Н.К. своего детства абсолютно не помнит, только один сон, который повторялся три дня подряд, когда ему было около тринадцати лет. Он увидел во сне высокую белую фигуру с закрытым лицом, которая подошла к нему вплотную и через покрывало смотрела на него, чем он был очень напуган.

Характерный эпизод был сегодня вечером: мы смотрели из комнаты через окно на заход солнца, а на веранде сидели Нуця с Ю.Н. и играли в шахматы. Мы стали смотреть на них и смеяться их движениям при игре. Н.К. подошел к окну и показал сыну язык. Тот очень смутился, а Е.И. спрашивает мужа, в чем дело. А Н.К. говорит: «Я хотел Юшу подвести, чтоб он мне ответил тем же, вот бы удивился Мор[ис] Моис[еевич], ибо принял бы это, наверно, на свой счет».

Интересный случай произошел этой зимой с Н.К. в Метрополитен-музее. Подошел к нему вдруг в вестибюле какой-то человек и говорит: «Вы кого-то ожидаете, давайте присядем. Ваш интеллект намного превосходит интеллект всех присутствующих здесь людей. Вы сейчас нуждаетесь в деньгах, но однажды станете очень богаты. До свидания», — помахал ему рукой и исчез*.

Бедная Е.И. мне сегодня жаловалась, что всю свою жизнь мечтала иметь огромный письменный стол, принадлежащий только ей. В Петрограде был куплен стол — его взял Н.К., еще один, красного дерева, — дети забрали. «А я, — говорит, — работала, читала и писала в одном кресле».

Забавный случай рассказал Н.К. про известного парижского антиквара Зельмайера. Он заказал одному художнику копию с Рембрандта за 250 франков. Потом велел ему подписать своим именем и дал ему еще 500 франков.
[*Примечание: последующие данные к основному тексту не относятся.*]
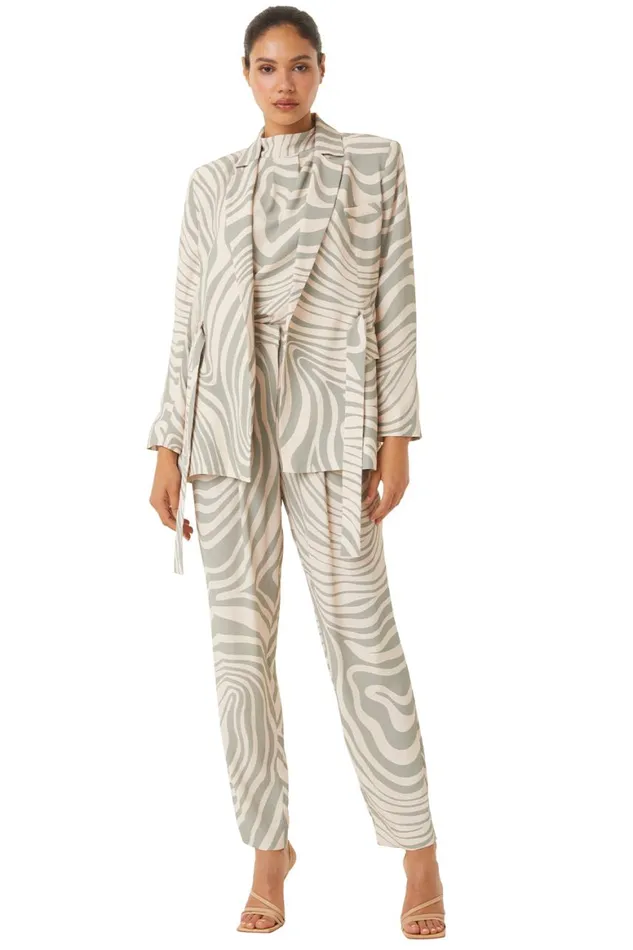 Women MISA Los Angeles Pants PERRY PANT Ivory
Затем отправил эту картину в Америку, но перед этим написал на себя донос, что Зельмайер отправляет в Америку старую картину Рембрандта, но под другой подписью, и послал донос в таможню. Там картину задержали, пишут ему и назначают большой штраф. Зельмайер клянется, что картина не Рембрандта, а вот того художника. Таможня ему говорит: «Нет, картина [подлинная] — настоящий Рембрандт». Заставили заплатить огромный штраф и дали удостоверение. А в Америке он ее продал за громадную сумму.

Массу подробностей из своего детства рассказала мне Е.И. после ужина, когда мы сидели на веранде.

Мать начала ее вывозить в свет на балы с самого раннего возраста, чуть ли не с семи лет. Она ее повсюду брала с собой. В тринадцать лет Е.И. раз высчитала, что за декабрь и январь была на тридцати двух балах, и ей все это было ужасно противно. Балы оканчивались к шести или семи часам утра, она ложилась спать на пару часов, а потом надо было идти в гимназию, где она изучала все предметы, кроме танцев, рисования и рукоделия (была от них освобождена, ибо просто не имела сил). Вообще Е.И. с детства страдала малокровием и нервами, и это у нее до того обострилось, что, когда она была барышней, ее повезли за границу лечить душами Шарко от острого малокровия и нервного состояния.

С семнадцати лет она начала увлекаться музыкой, а мать ее все настаивала, чтобы она ходила на балы, и у них происходили ужасные драмы. Бывало, мать, которая чудно ее одевала, приготовит для нее туалет, а Е.И. в душе знает, что на бал она не поедет, и вот за пару часов до бала она говорит: «Мама, а я на бал не поеду». Мать начинала сердиться, а однажды даже набросилась на нее в гневе с кулаками, и бедной Е.И. пришлось спасаться под роялем.

Когда Е.И. стала невестой Н.К., она и мать жили с ее тетей (это было уже после смерти отца). Бедный Н.К., когда ездил к ним, чтобы никого не обидеть, всем кузинам и тетушкам привозил конфеты, коробок десять, так что приезжал к ним, бывало, весь нагруженный. Барышней Е.И. была поразительно хороша: тоненькая, стройная — считалась красавицей. За ней многие ухаживали, и много людей любили ее всю жизнь.

Когда ей было около тринадцати лет, она приехала погостить к своей тете. А было это под Ивана Купалу. Тут ей тетя говорит: «Вот тебе и приснится твой будущий муж». Е.И. приснился следующий сон: будто она в громадной пустой церкви, стоит на коленях в подвенечном платье перед иконой Божией Матери, а за ней в темноте стоит мужчина. Она видит только его профиль: гладкие черные откинутые со лба волосы, громадные глаза, а вся остальная фигура — в тумане. И вот он ей говорит: «Помолись, моя дорогая». Она только позже узнала в нем М.М. А этой зимой Он им сказал на сеансе: «И тогда узнала Мой профиль, когда приходил к тебе».

Вечером у нас был общий сеанс. Потом Юрий пи­сал автоматически и получил дивные послания по-английски, а Н.К. — по-русски.